The third and most distinctive quality of a 21st century disarmament movement is that it will be confrontational, a major departure from the freeze in both tactics and strategy. From its inception, the freeze movement defined itself in opposition to radical politics and unilateral disarmament, hence its emphasis on bilateralism, verifiability, and traditional civic participation. It’s true that the freeze engaged in public demonstrations and protest marches (most notably the June 1982 Central Park rally of 750,000 people), but its primary form of political engagement was the ballot box. It eschewed most forms of direct action in favor of state and local ballot initiatives calling for the institution of a bilateral freeze on the testing, deployment, and production for nuclear weapons. These initiatives clearly expressed opposition to the status quo but were non-binding; the hope was that Congress would take up the issue, which it eventually did, with mixed results. The point here is that the freeze movement sought a kind of accommodation with the powers-that-be. This was evident in the policy itself, designed to be non-threatening and bipartisan, and in the freeze’s inoffensive, even patriotic model of political participation: localized voting, public education, grassroots legislative pressure.
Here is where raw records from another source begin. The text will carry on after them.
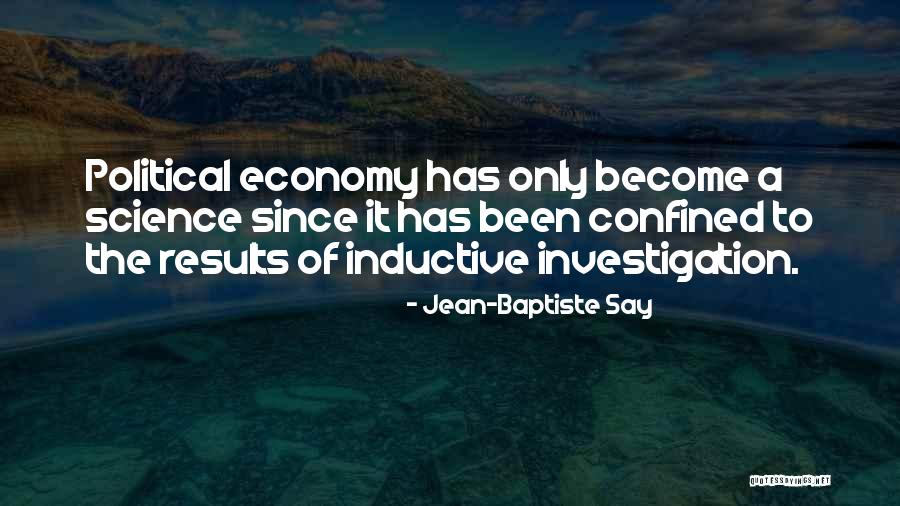 Political Science Quotes By Jean-Baptiste Say Political Science Quotes By Jean-Baptiste Say
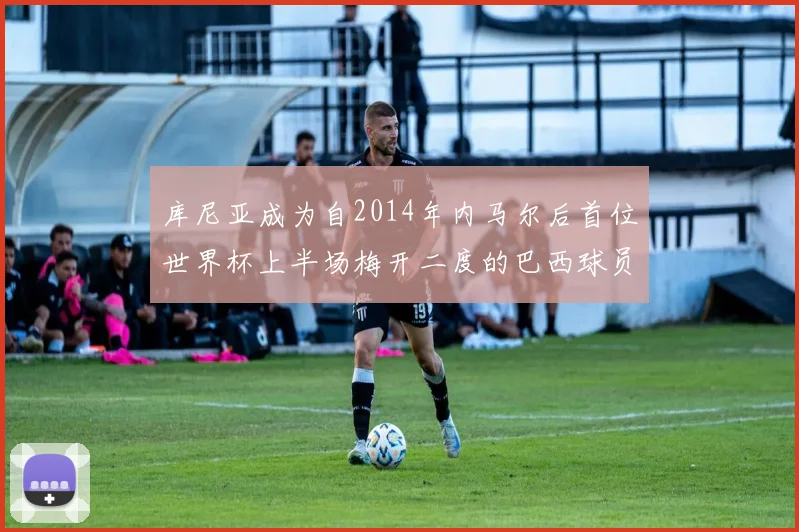 库尼亚成为自2014年内马尔后首位世界杯上半场梅开二度的巴西球员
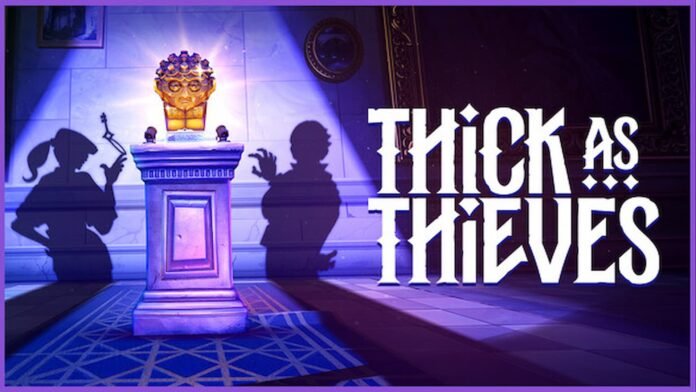Thick As Thieves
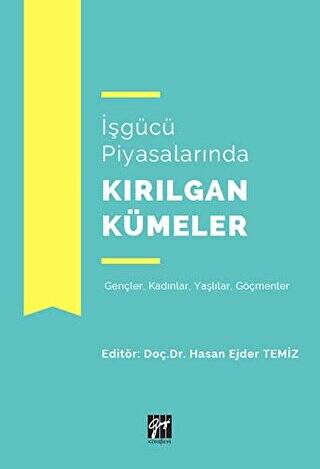 İşgücü Piyasalarında Kırılgan Kümeler - 1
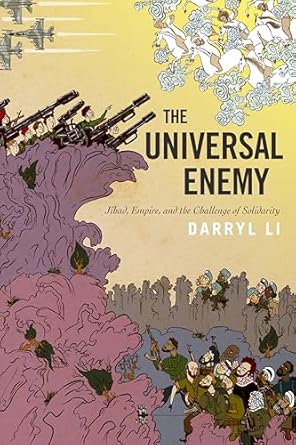 the universal enemy jihad empire and the challenge of solidarity 1st edition darryl li 150361087x,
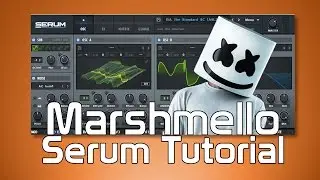 Marshmello Serum tutorial Creating Tracks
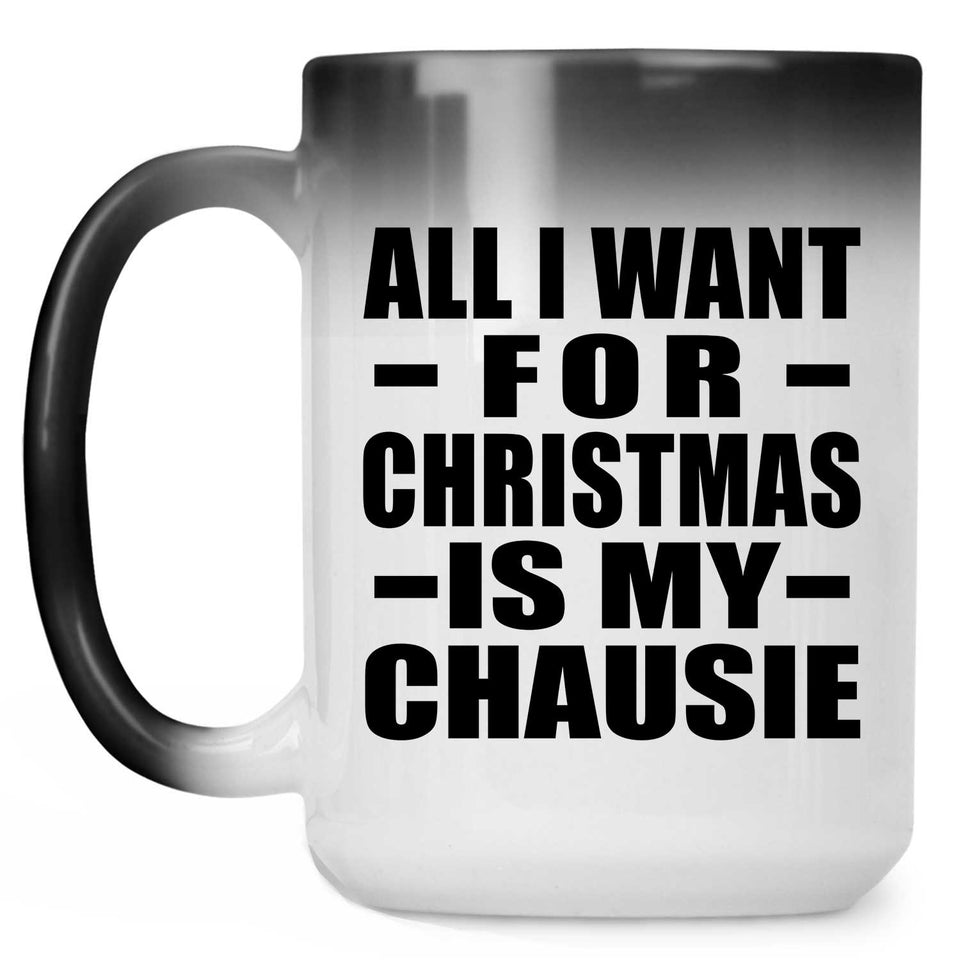 All I Want For Christmas Is My Chausie - 15 Oz Color Changing Mug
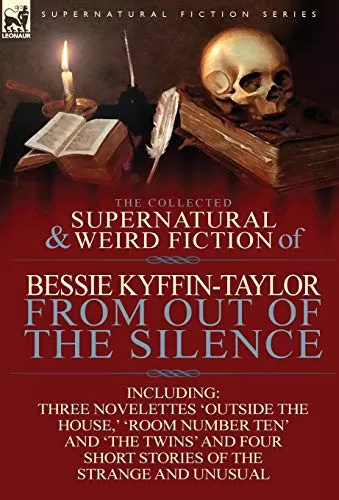 The Collected Supernatural and Weird Fiction of Bessie Kyffin-Taylor: From Out of the Silence (Leonaur Collected Supernatural and Weird Fiction) by Bessie Kyffin-Taylor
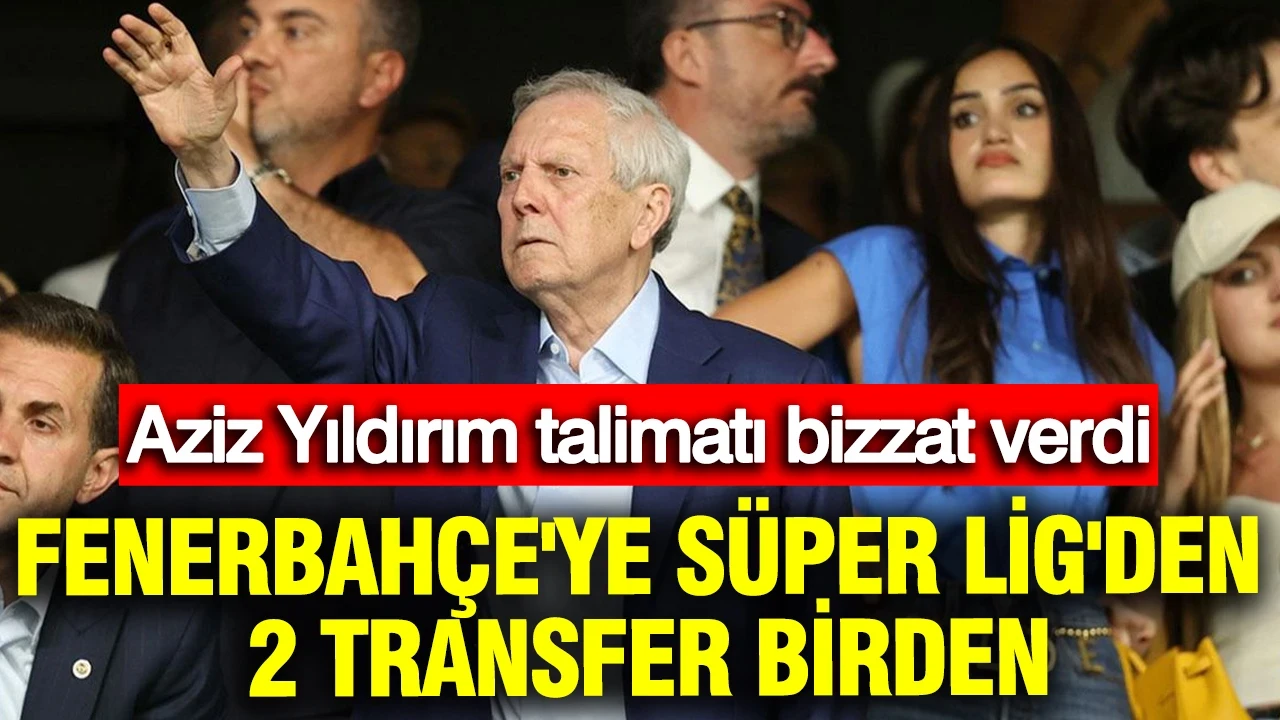 Aziz Yıldırım harekete geçti: Fenerbahçe'ye Süper Lig'den 2 transfer birden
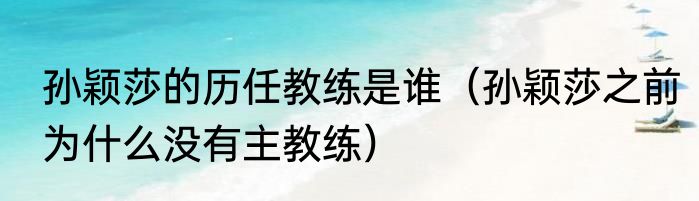 孙颖莎的历任教练是谁（孙颖莎之前为什么没有主教练）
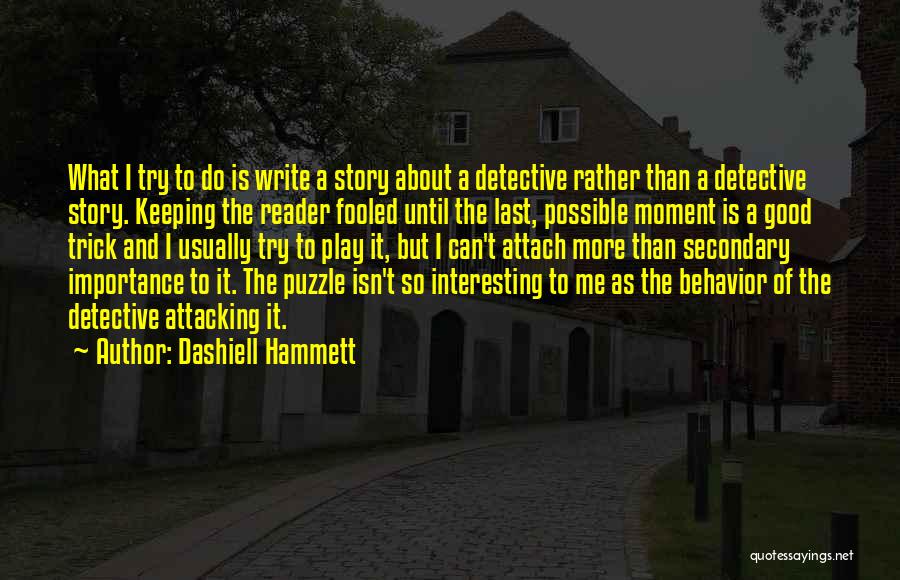 Dashiell Hammett Quotes: What I Try To Do Is Write A Story About A Detective Rather Than A Detective Story. Keeping The Reader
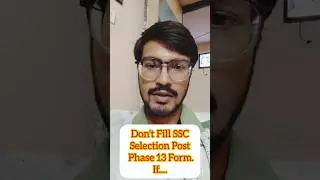 Don't Fill Selection Post Phase 13 Form.If.......#ssc#sscselectionpost#shorts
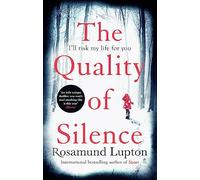 The Quality of Silence: The Richard and Judy and Sunday Times bestseller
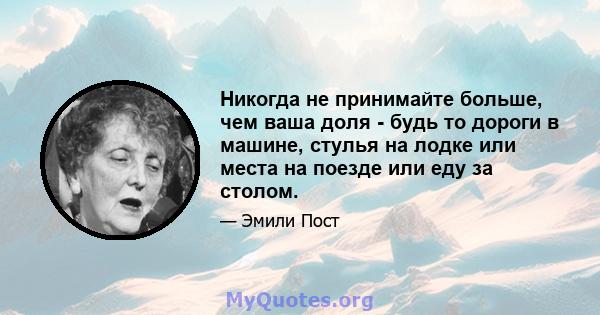 Никогда не принимайте больше, чем ваша доля - будь то дороги в машине, стулья на лодке или места на поезде или еду за столом.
Today’s social movements, while not antagonistic to voting and, say, writing your congressperson, do not regard these activities as the end-all-be-all of political participation. They place a much stronger emphasis on protest in its varying forms: rowdy demonstrations, strikes, civil disobedience, the reclamation of public space.

The 21st century is the time of Standing Rock, Black Lives Matter, and Fight for $15, and it seems likely that a renewed disarmament activism will take a cue from these movements’ confrontational tactics. Today, the dominant style of protest does not passively ask to be heard, but demands it, by actively challenging an injustice at its source. There is of course a long history of peaceful direct action in the disarmament movement, and activists may revive this tradition in the coming years. The US nuclear weapons complex, spread out over multiple sites across the country, certainly provides ample opportunity for disruptive—but peaceful—protest. Thinking intersectionally, though, activists may focus their ire on the defense corporations of the “nuclear enterprise,” who receive billions from the federal government at a time when many Americans feel economically left behind. So far, inequality activists have not stressed the trade-off between defense spending and social spending. But with the US set to spend $1 trillion modernizing its nuclear arsenal, and Trump adding numerous critics of social welfare programs to his administration, there is significant potential for cross-issue mobilization.

The freeze movement was reluctant to make broader political connections and engage in direct action for fear of being tarred as unserious and left wing. Whether this choice was correct in the early 1980s is open for debate. But today, a raucous intersectionality–digitally savvy but materially focused–seems absolutely essential for preventing a new arms race. This 21st century movement will look radically different from the freeze. Its form will pose a challenge not only to Donald Trump and nuclear modernization but to those of us in the arms control community who sometimes value subdued professionalism over committed action. Still, we should welcome it. A renewed movement will give a much-needed injection of youthful excitement to the issue of nuclear arms control and will help turn the slow drip of progress over the past 30 years into a flood of momentous change. It happened before, and it can happen again.